■ What you need to do ■
Write out exactly the lines from the one holding "orange cat personality" to the last line of the entries, both ends included and nothing else, without the pictures.

****************************************

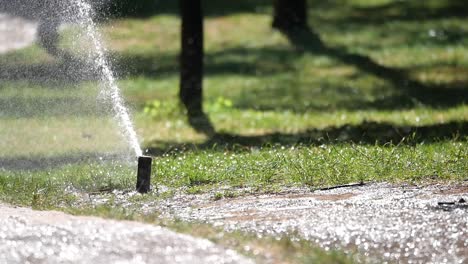 a sprinkler watering a green lawn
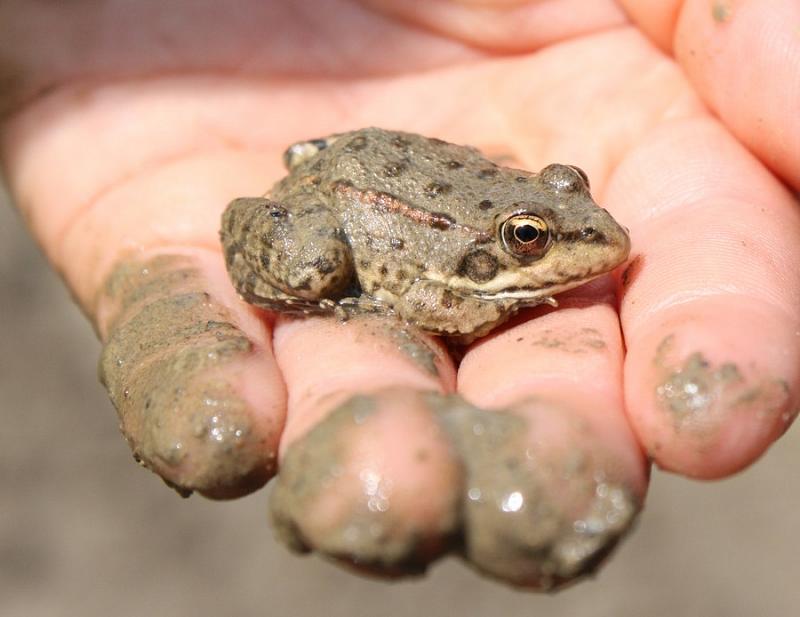 Pelophylax ridibundus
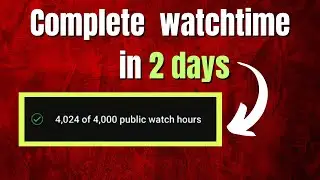 Epic Watch Time Race: 4000 Hours in 48 Hours - Can It Be Done?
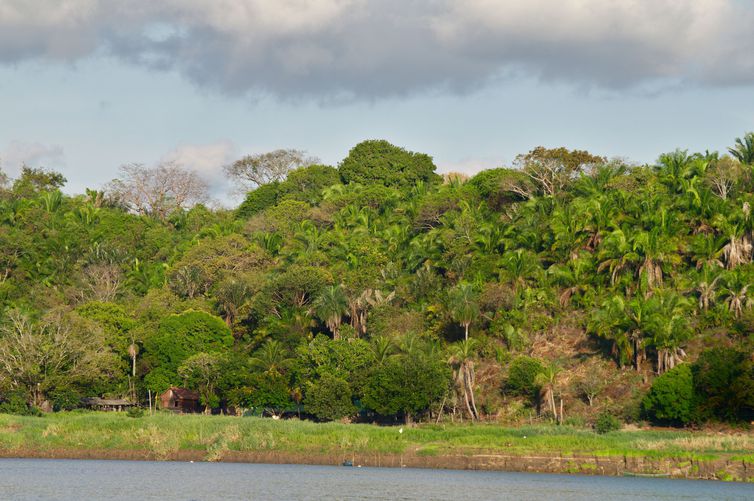 IBGE: BRASIL TEM 9,85 MILHÕES DE HECTARES DE FLORESTAS PLANTADAS - News Rondônia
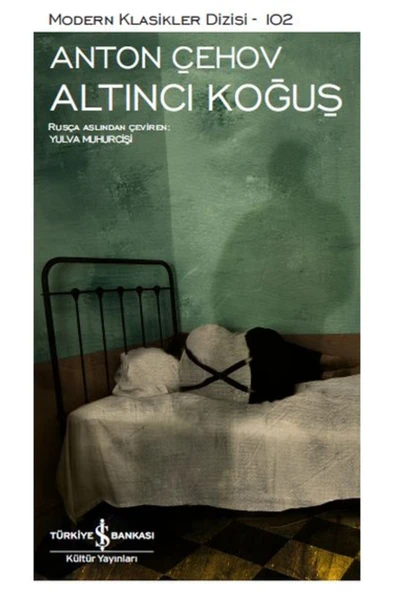 Altıncı Koğuş- Modern Klasikler Dizisi ürün görseli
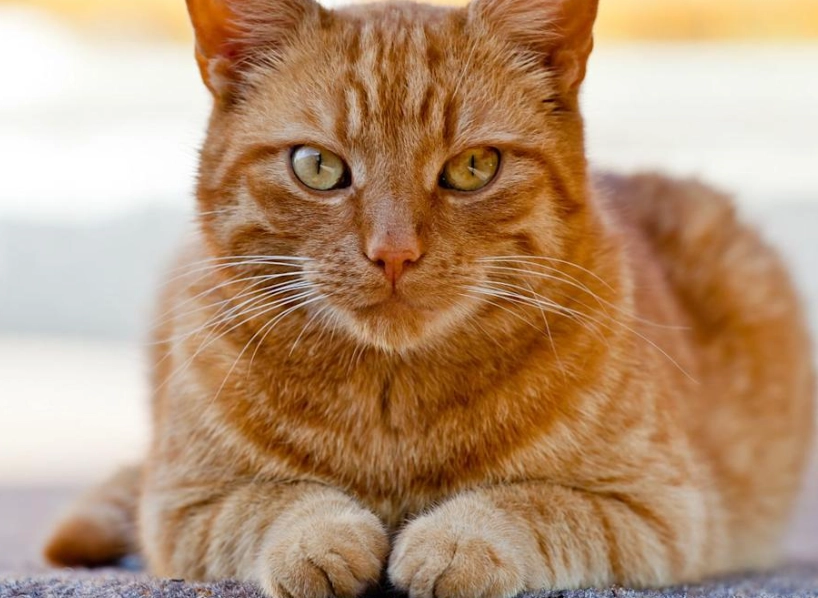 orange cat personality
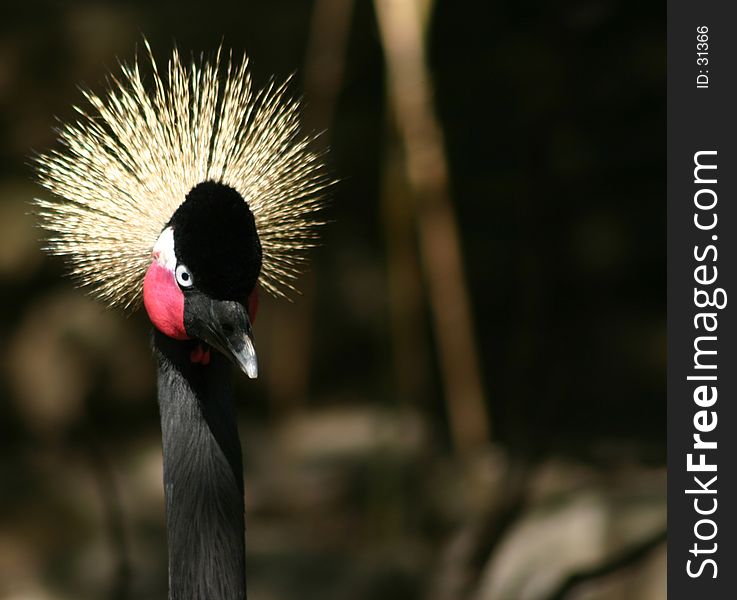 A crowned crane from a 45 degree angle from the front. showing the beak, one blue eye, one pink cheek and the tuft of feathers on his head and about half its neck. bird is to the left and there is room for copy to the right.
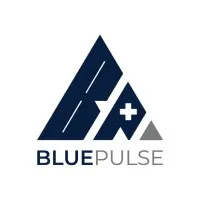 Blue Pulse Group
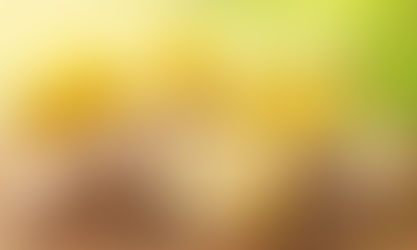 Té de kion ayuda a curar la gripe y los resfríos, ¿cómo prepararlo?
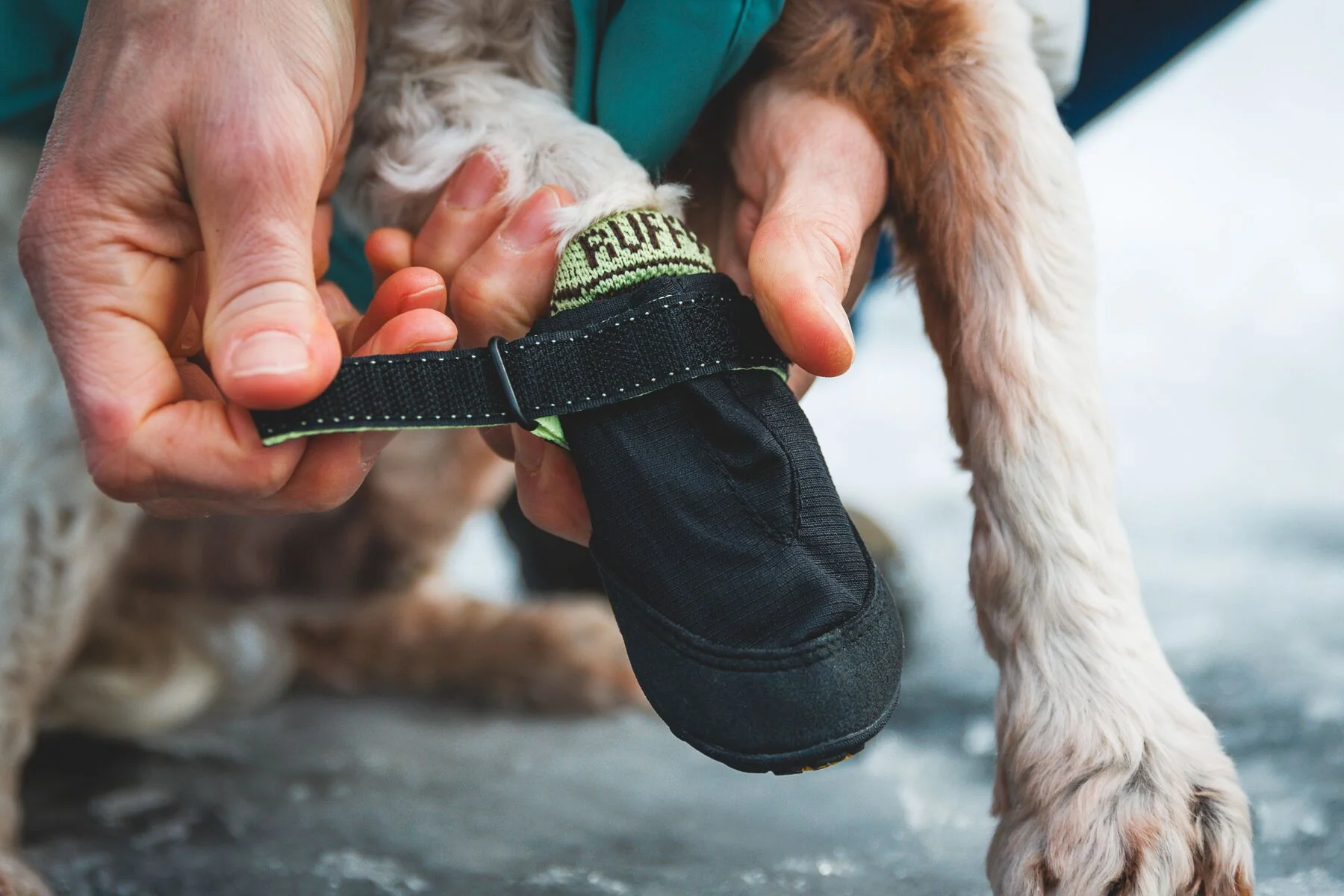 Ruffwear - Bark'n Boot Socks - set of 4 - Image 3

****************************************

■ Response ■
 orange cat personality
 A crowned crane from a 45 degree angle from the front. showing the beak, one blue eye, one pink cheek and the tuft of feathers on his head and about half its neck. bird is to the left and there is room for copy to the right.
 Blue Pulse Group
 Té de kion ayuda a curar la gripe y los resfríos, ¿cómo prepararlo?
 Ruffwear - Bark'n Boot Socks - set of 4 - Image 3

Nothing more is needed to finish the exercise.